The Journey Of A Baby Mama Series -2

People misunderstand me each time I talk about my past; they think I am living in self pity and still broken,but no way. I tell my story when I can to encourage people, to let them know that what doesn’t kill you keeps you strong. 






And I don’t refer to my child as a mistake; I only regret the channel that’s all. 


They also think I want to get back with her father but none of that is true. All the feelings I had for him are all dead. People stylishly ask me “why don’t you marry her father now,” Or “what if he wants to marry you now nko?” I feel they ask to know if I still want him back. 


My response has always been “NO”, because I didn’t know what I was getting into when I was with him. I have moved on and there is no going back. I just love that I am a mother; the only thing I hate is the word “BABY MAMA”, it’s too condescending and makes me have this insignificant type of feeling.
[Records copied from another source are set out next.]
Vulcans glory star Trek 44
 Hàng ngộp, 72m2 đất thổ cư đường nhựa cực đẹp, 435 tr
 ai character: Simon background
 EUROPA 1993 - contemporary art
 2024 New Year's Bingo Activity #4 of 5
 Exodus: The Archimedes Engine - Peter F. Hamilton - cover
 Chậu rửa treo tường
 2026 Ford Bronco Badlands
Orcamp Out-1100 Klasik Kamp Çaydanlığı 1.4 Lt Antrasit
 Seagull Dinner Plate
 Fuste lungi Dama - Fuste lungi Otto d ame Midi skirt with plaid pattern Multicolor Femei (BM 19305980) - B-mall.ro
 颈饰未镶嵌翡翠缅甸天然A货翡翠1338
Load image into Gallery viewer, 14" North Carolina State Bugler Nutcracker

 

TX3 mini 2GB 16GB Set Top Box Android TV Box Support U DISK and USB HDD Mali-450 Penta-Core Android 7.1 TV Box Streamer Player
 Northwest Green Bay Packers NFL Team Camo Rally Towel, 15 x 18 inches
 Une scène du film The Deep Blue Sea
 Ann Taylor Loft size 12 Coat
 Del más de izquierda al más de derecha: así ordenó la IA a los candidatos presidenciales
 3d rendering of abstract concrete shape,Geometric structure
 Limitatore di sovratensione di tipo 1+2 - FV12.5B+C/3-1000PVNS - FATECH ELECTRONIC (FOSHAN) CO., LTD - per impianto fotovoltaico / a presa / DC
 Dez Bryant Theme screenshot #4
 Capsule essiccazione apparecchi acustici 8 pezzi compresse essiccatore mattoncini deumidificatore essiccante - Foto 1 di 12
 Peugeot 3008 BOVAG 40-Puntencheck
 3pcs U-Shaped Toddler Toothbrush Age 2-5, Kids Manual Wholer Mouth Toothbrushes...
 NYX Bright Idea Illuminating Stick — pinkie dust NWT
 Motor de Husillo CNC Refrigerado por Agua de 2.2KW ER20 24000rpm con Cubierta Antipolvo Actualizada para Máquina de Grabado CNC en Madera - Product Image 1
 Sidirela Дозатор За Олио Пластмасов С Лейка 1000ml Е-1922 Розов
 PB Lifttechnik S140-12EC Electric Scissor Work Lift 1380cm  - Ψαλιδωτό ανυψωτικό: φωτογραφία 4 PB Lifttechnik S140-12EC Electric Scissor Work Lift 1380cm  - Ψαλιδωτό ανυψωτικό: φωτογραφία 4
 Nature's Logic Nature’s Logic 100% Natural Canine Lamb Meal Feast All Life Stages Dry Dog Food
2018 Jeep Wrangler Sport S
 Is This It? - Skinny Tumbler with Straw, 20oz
Before I forge ahead with my story, I would like to address some misconceptions surrounding “Baby Mamas” or single moms as the case may be or as you want to tag them. Yes some ladies get pregnant to trap a man to marry them, well this action always backfires and in the end the lady suffers with her child because that commitment she craved for won’t be present in the marriage, with the man feeling trapped. 


In as much as this is happening, that does not mean that every lady with child outside wedlock wants to trap the man or get him to be her money making machine. I am working and my daughter’s father gives me upkeep of 20k per month (for her alone o) pays her school fees and sometimes pays my rent when he feels like, and I am very much ok with that because my concern is my child.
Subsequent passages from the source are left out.